_PROBLEM STATEMENT_:
Look below for the line with "Charming Straight Across" and the line with "Robe Trapèze Évasée Satinée - gallery 9"; repeat exactly those two lines and all lines between them, but no pictures.

══ SUPPLIED MATERIAL ══

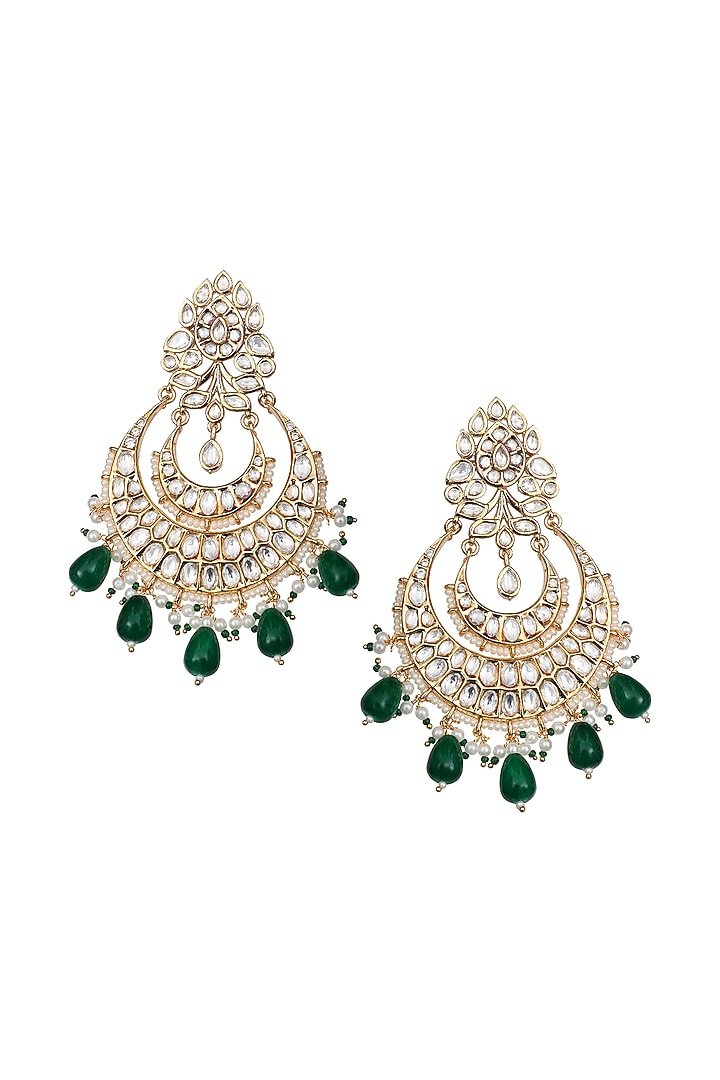 Gold Finish Kundan Polki & Green Beaded Chandbali Earrings by Akulya Jewels at Pernia's Pop Up Shop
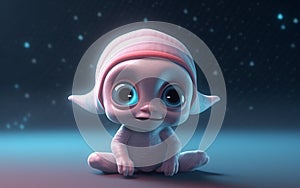 3D cute baby alien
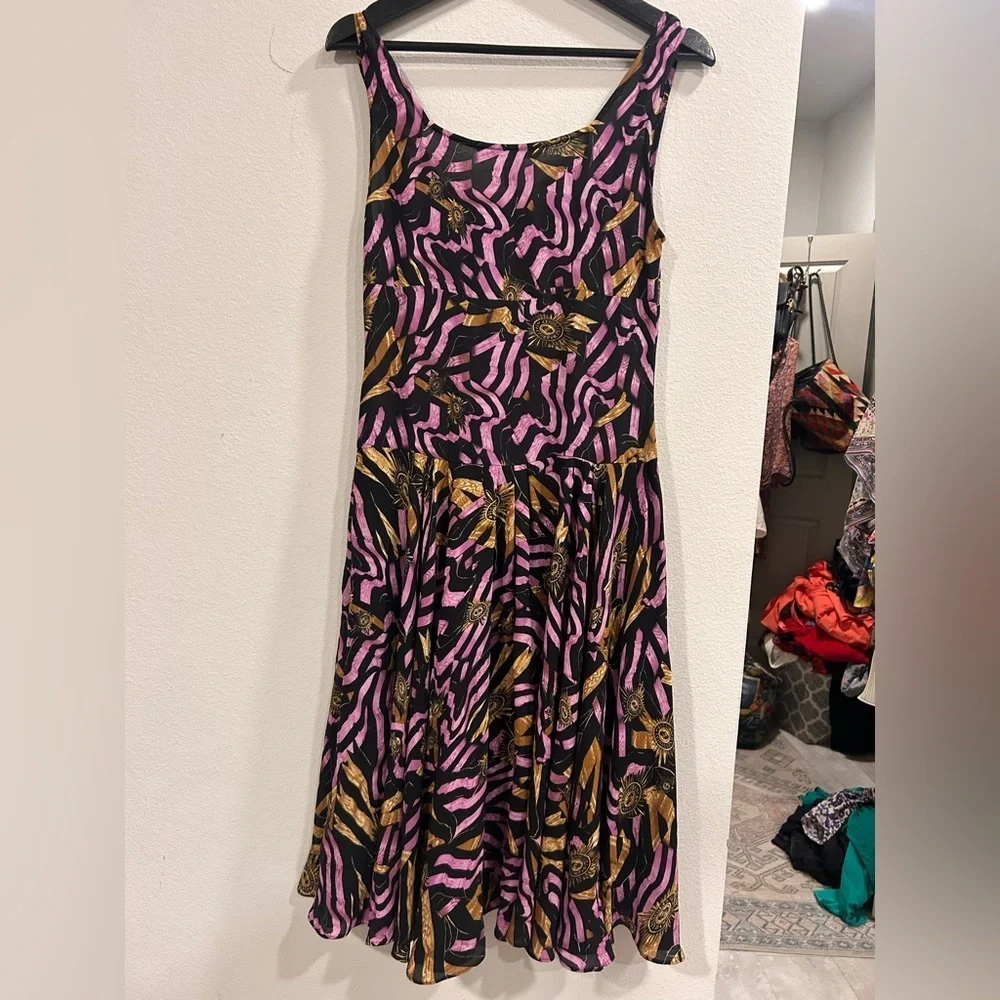 DVF Diane Von Furstenberg Black Print Silk Sleeveless Midi Dress Vintage Size 6 - Picture 4 of 6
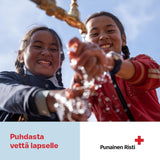 Puhdasta vettä lapselle, vaikuttava lahja, painettu kortti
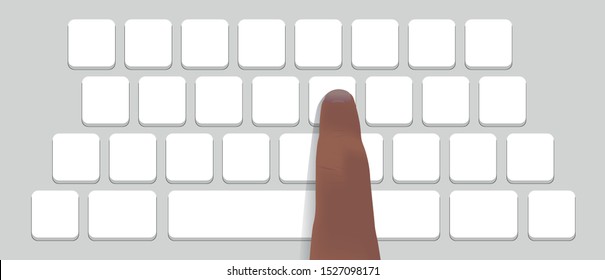 White keyboard with one finger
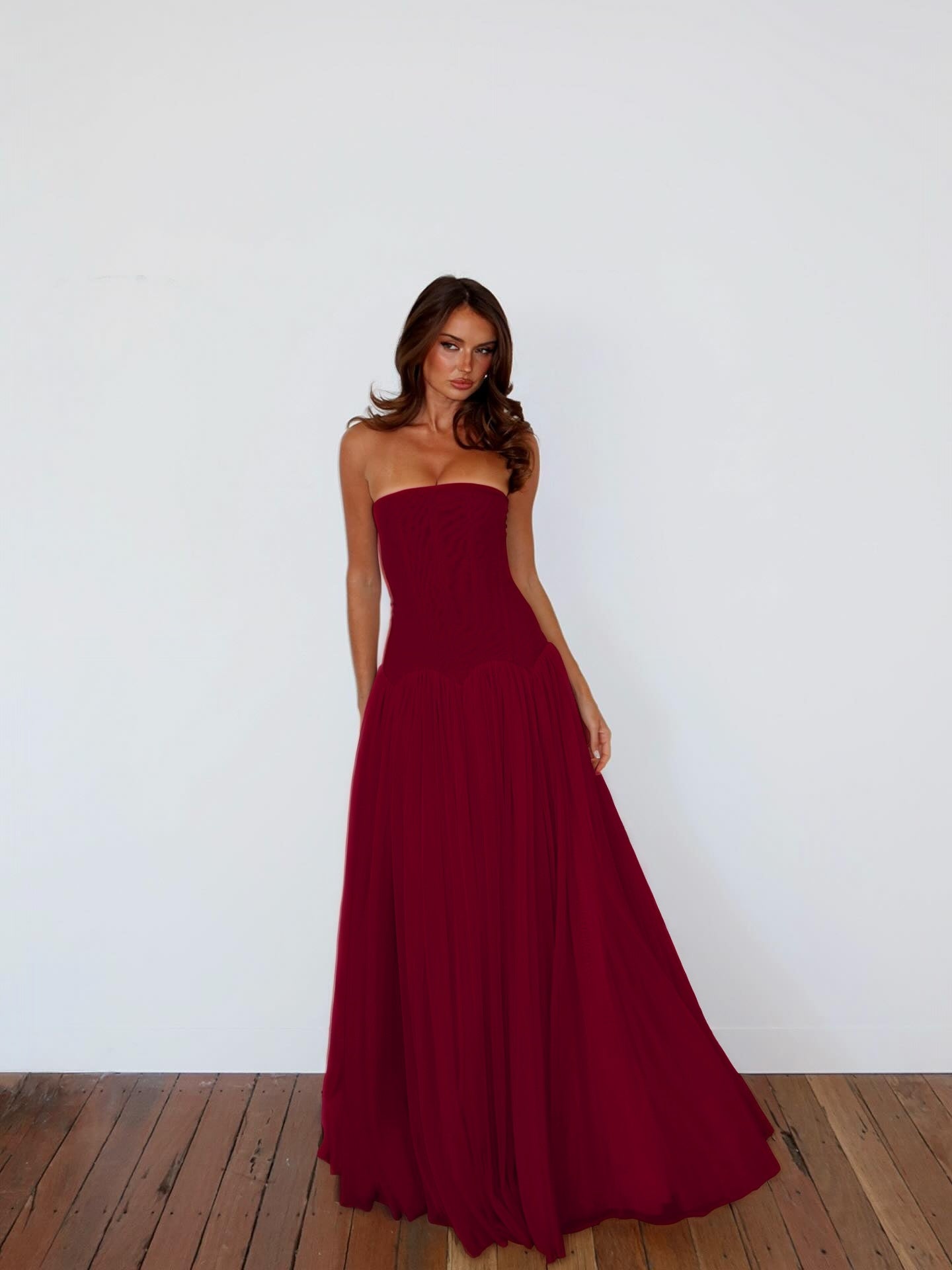 Charming Straight Across Sleeveless Pleated Tulle Evening Dress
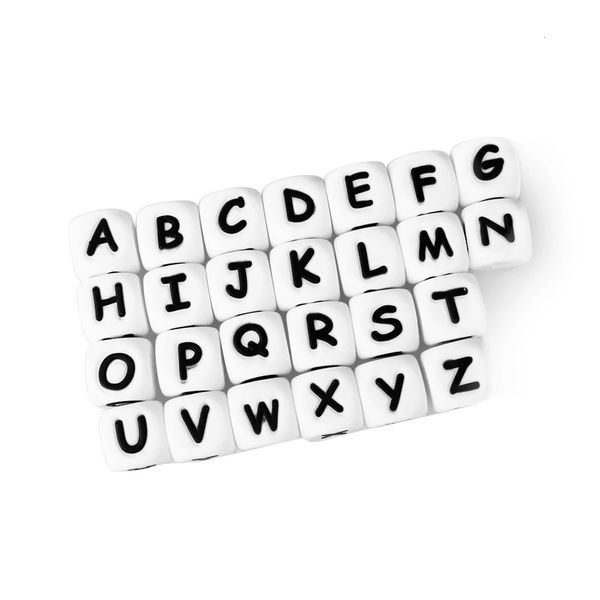 Lote de 500 cuentas en forma de letras de silicona para bebé, mordedores sin BPA, cuentas del alfabeto inglés, accesorios de nombre DIY de grado alimenticio, 12MM, 500 Uds./lote 240123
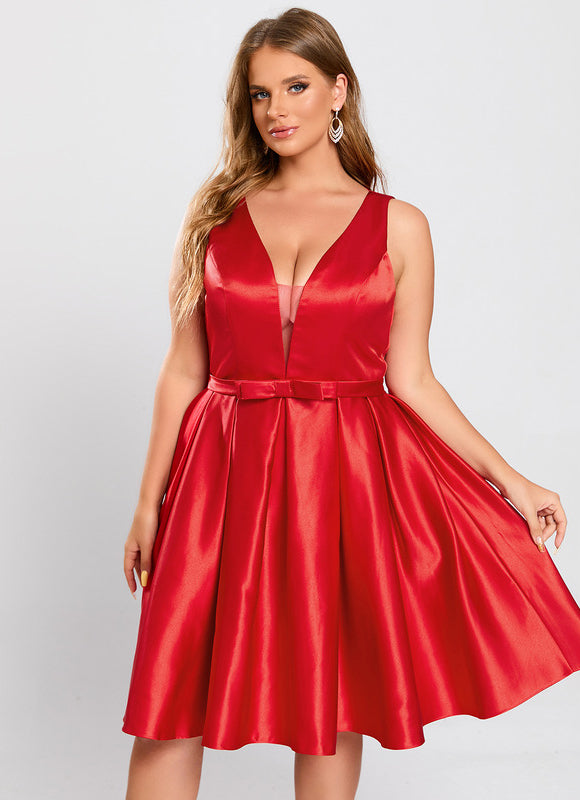 Robe Trapèze Évasée Satinée - gallery 9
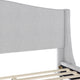 Gray Fabric/Black Legs,King |#| Faux Linen Upholstered King Size Platform Bed with Curved Headboard in Gray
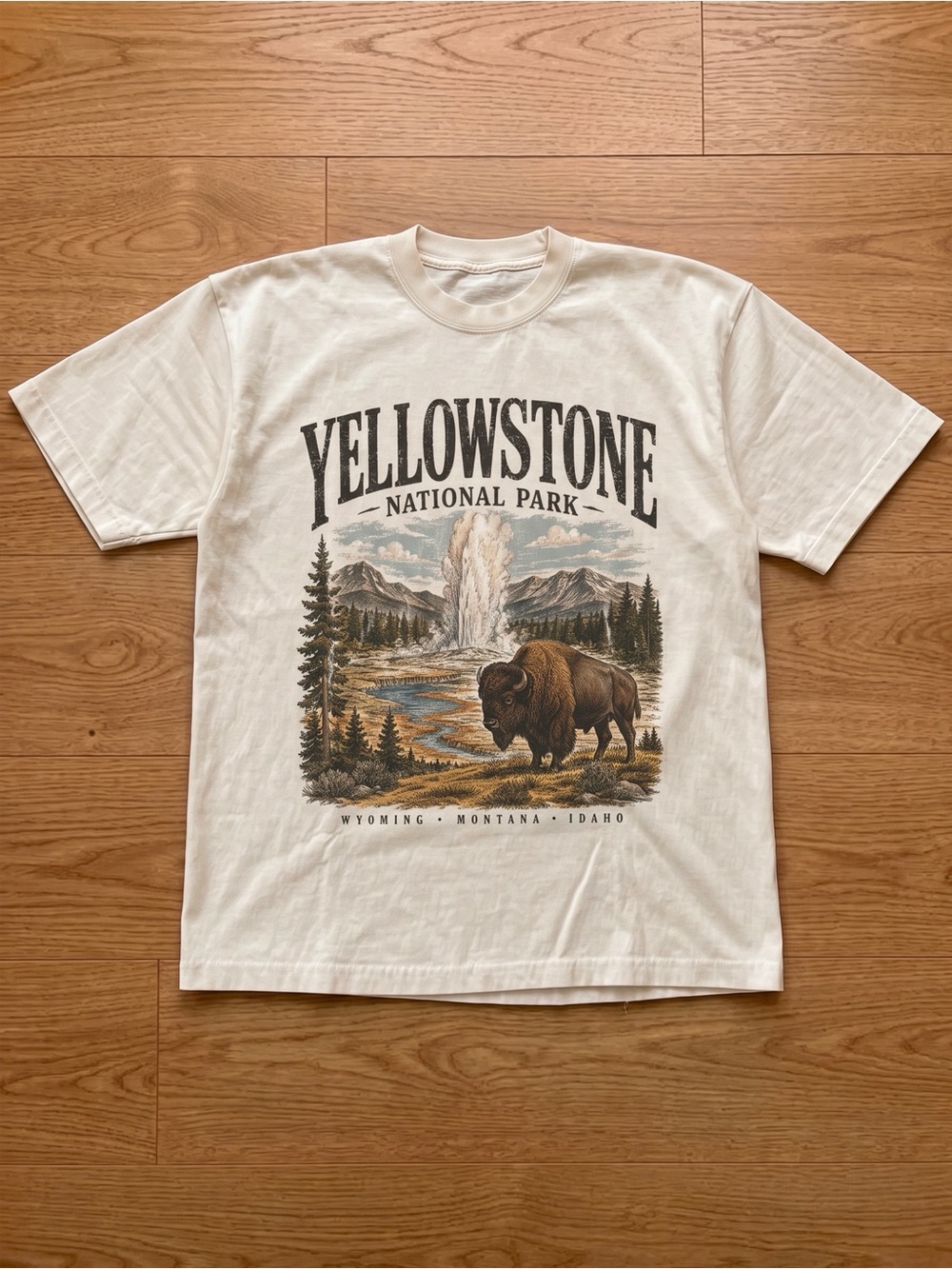 Yellowstone National Park Old Faithful Geyser Bison Cream T Shirt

═══

_RESULT OF THIS TASK_:
 Charming Straight Across Sleeveless Pleated Tulle Evening Dress
 Lote de 500 cuentas en forma de letras de silicona para bebé, mordedores sin BPA, cuentas del alfabeto inglés, accesorios de nombre DIY de grado alimenticio, 12MM, 500 Uds./lote 240123
 Robe Trapèze Évasée Satinée - gallery 9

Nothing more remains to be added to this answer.